Exercise objective
Below are the records; tally the lines that include "with" and report only the total.

(Short web captions)

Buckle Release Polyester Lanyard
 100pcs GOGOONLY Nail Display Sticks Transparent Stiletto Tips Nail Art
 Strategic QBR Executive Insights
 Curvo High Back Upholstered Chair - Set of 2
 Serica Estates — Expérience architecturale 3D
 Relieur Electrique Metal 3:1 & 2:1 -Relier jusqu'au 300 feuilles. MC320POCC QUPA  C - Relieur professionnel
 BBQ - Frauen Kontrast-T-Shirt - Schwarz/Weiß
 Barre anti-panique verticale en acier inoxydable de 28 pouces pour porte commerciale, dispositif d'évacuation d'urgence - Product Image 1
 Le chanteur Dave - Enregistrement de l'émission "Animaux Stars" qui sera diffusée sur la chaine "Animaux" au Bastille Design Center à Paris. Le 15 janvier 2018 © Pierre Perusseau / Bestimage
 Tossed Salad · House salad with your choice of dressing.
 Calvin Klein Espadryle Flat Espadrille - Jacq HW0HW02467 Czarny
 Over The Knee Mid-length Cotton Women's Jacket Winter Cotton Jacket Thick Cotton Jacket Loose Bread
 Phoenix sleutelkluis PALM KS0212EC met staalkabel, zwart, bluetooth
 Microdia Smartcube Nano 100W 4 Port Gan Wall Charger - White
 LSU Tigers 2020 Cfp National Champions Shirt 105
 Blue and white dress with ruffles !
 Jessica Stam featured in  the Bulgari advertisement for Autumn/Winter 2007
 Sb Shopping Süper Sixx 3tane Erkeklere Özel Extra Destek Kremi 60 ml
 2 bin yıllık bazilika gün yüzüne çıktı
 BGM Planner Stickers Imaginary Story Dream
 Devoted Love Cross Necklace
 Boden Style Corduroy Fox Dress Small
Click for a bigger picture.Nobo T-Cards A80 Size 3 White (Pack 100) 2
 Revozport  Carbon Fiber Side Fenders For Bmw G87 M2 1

Response for this exercise
2